Our baby is eating solid foods now. So far, we’ve been using Earth’s Best, a terrific, all-organic brand that comes in glass jars and pouches. However, in the spirit of trying to bring more dirty dishes into my life, I was curious to see if there were a significant cost value to cooking everything at home. I generally do not enjoy cooking (remind me to cancel Blue Apron, for. the. love. of. GOD) and I cannot vouch for the sanitation of my knives, appliances, countertops, hands, and/or mouth. But in addition to the desire to save a few pennies, this culinary exploration runs on a deeper, more personal level: When I made the choice to quit breastfeeding, I made myself feel better by promising that I would cook all the baby food. So, I owe it to my 10 week postpartum self to give it a shot. Here’s to you, you beautiful busty trainwreck!
Join me for my trip to the grocery store for Operation: Let’s Pay Attention to Prices. I started in the baby food section to take a look at Earth’s Best. $1.09 for a 2oz jar (baby eats approximately 0-4 jars a sitting, depending on a highly scientific mathematical equation that determines all baby behavior and preferences). I buy them in bulk for slightly cheaper on Amazon Prime. But still, there are a lot of little glass jars lying around the house and I can only use one for my coconut oil-turned-night cream (because I MAKE THINGS FROM NATURE).
Now! Onward to the produce section, which is located on the other side of the store. Here we go, just past this middle “Seasonal” aisle! Here we go. Just a few more aisles and then we’ll be in the produce section! Let’s get movin’!
Cool, we definitely kept moving on to the other end of the grocery store.
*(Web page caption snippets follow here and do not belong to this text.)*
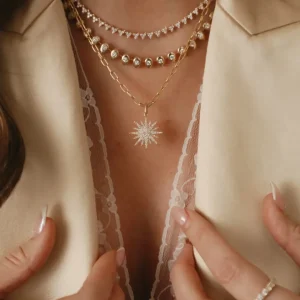 Mama Bijoux Diamond Trio Tennis Necklace (All The Way Around) Best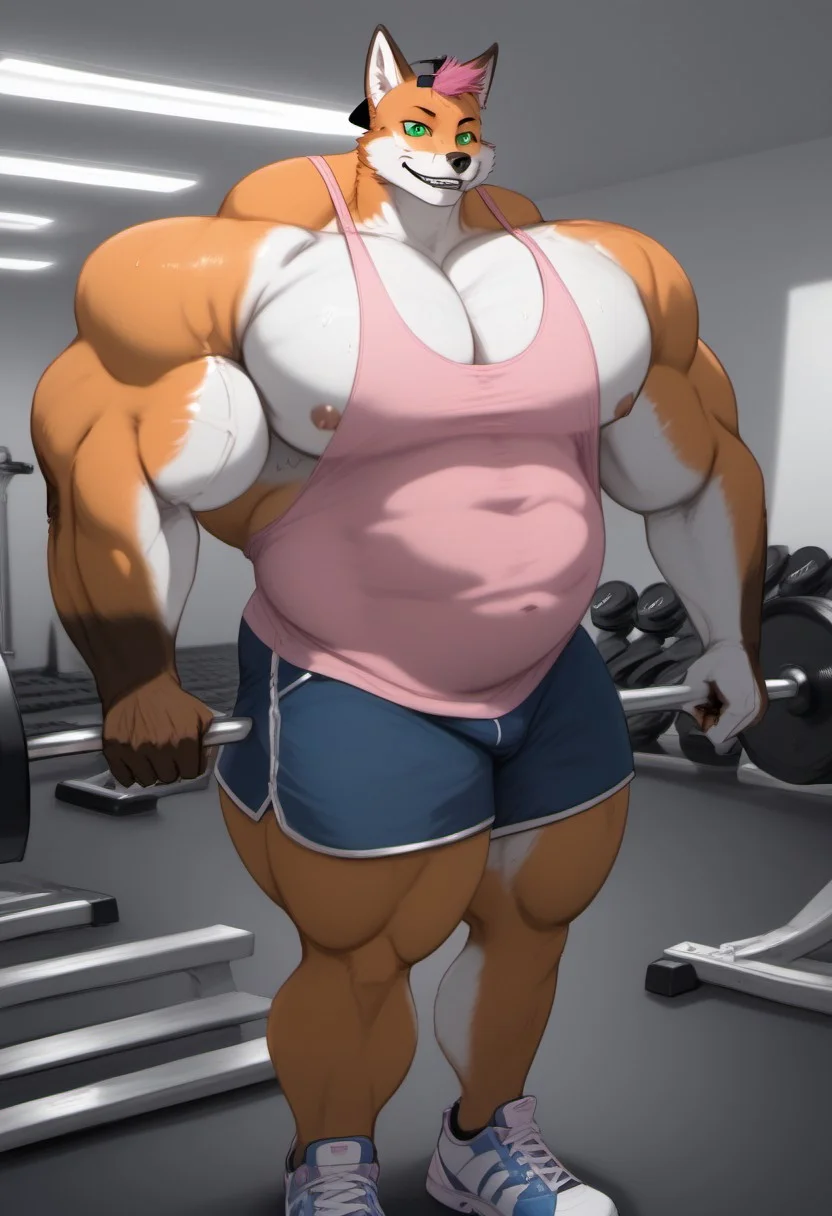 (masterpiece,best quality:1.2), (masterpiece, best quality), score_9, score_8_up, score_7_up, source:furry, dynamic lighting, detailed background, in the gym, anthro, furry, detailed eyes. detailed face, furry male,
BREAK
 gay, gay muscular anthropomorphic furry, furry male, male focus, fox, green eyes, orange fur, pink spiked hair, (highly detailed face, highly detailed eyes), aroused expression, looking at viewer, waring pink tee-shirt and shorts, muscular, hyper muscle, hyper muscular, hyper pectorals, hyper biceps, hunks, hyper thigh, hyper ass, hyper pecs, big biceps, pecs, big penis, bubblebutt, huge ass, big butt, backwards black hat, smirk, orgasming, cuming, erect penis, huge butt, ((muscular furry having gay sex)), sweaty, very high quality,
BREAK
<lora:add-detail-xl:1.5>,
<lora:DetailedEyes_V3:1>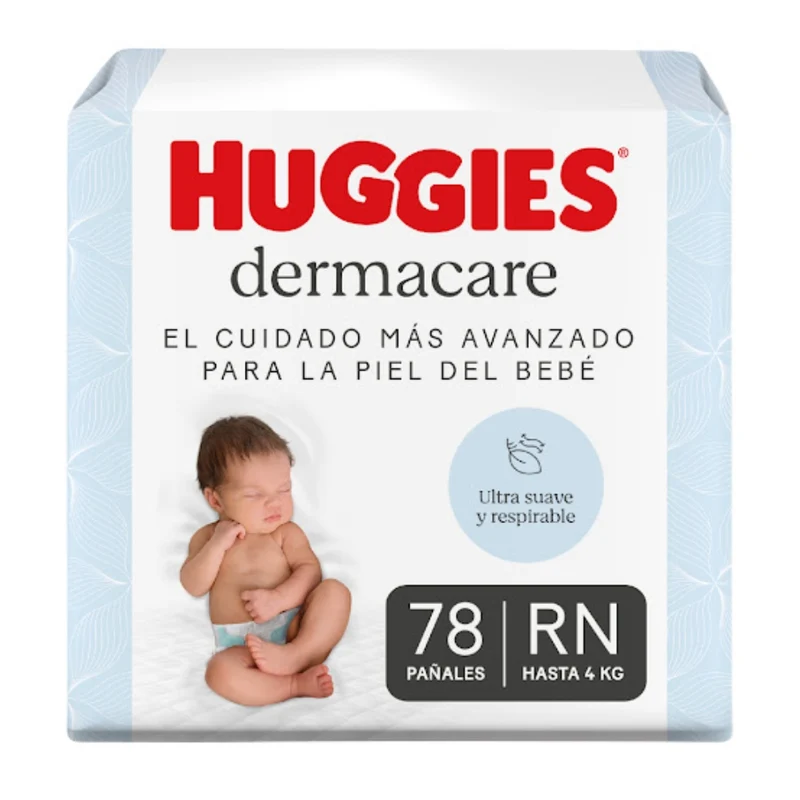 Pañales Huggies Derma Care Etapa 0/RN x 78 Unds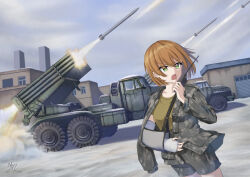 Rule 34 | 1girl, arm out of sleeve, arm sling, artillery, bm-21, breasts, brown hair, building, camouflage, camouflage jacket, camouflage shorts, day, dutch angle, explosive, green eyes, grey sky, hair between eyes, holding, holding walkie-talkie, jacket, kaungmyat naing, long sleeves, looking to the side, medium breasts, military, military truck, military uniform, military vehicle, motor vehicle, open mouth, original, outdoors, rocket launcher, shirt, shorts, sky, sleeve, smoke, solo, t-shirt, talking, truck, uniform, walkie-talkie, war, weapon, yellow shirt
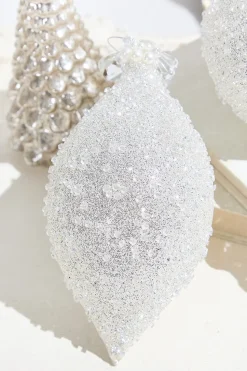 Snow Speckled Glass Ornament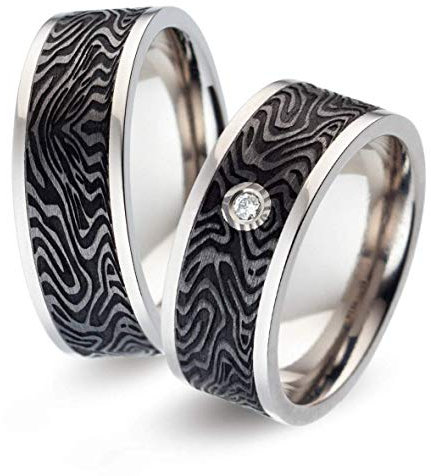 Titanfactory Titan Trauringe mit Carbon 1 Brill. ges. 0.03 ct. w/si 52463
We’re officially in the produce section. One thing I’ve learned in life is that certain fruits are worth the organic splurge, particularly apples and pears. I purchased a bag of organic apples (3 lbs) for $5.99, and 5 organic pears for $7.15.
I figured carrots were also worth the organic price hike, so I tossed a huge $4.99 bag of them into the cart. I walked around to see what else looked good for pureeing. Bananas are always a hit ($1.99), and so are sweet potatoes ($2.63 for 7). While I was hunting around, a man asked me where he could find the zucchinis. To be fair, he probably thought I worked there because I was wearing the classic Giant Food employee uniform: Spanx jeggings with baby strapped to chest. Kind of like wearing a red shirt at Target! I helped him look around, but we could only find “green squashes.” A third lady kindly informed us that green squashes were in fact, actually, zucchinis. It was a pleasant moment where I felt like we all learned something and nothing at the same time.
I did a little comparison shopping, too: A whole butternut squash ($1.29/lb) vs. pre-packaged chopped butternut squash ($1.90 for one pound). I actually weighed the original butternut squash and it came out less expensive enough to justify the merciless task of peeling, cutting, and hollowing out all the see…I’m already hating it. I was proud of myself for taking the time to figure out the cheaper option and I even got to use the produce scale, an object that I had neglected so often in the past that I just thought it was some fancy vegetable.
Back at home, I spent two hours slicing, cooking, pureeing, cooling, and freezing. It was a lot, but it made a bunch of food! I also learned how to use the Cuisinart, which we’ve been schlepping around for three different cross-country moves, the blades stored loosely and wildly in cardboard boxes marked “dish towels.”
All in all, an informative mission. My 10 week postpartum self would have really loved hearing that I did all this for her. In fact, she probably would have cried, eaten all the Cadbury eggs (foil included), and then asked me why I was STILL wearing Spanx jeggings.
(For all the Dumb-Dumbs out there like me, of COURSE it’s cheaper to make your own goddamned food. I calculated about a $.40/oz difference between my stuff and the store bought stuff. This was so disappointing. But there you go.)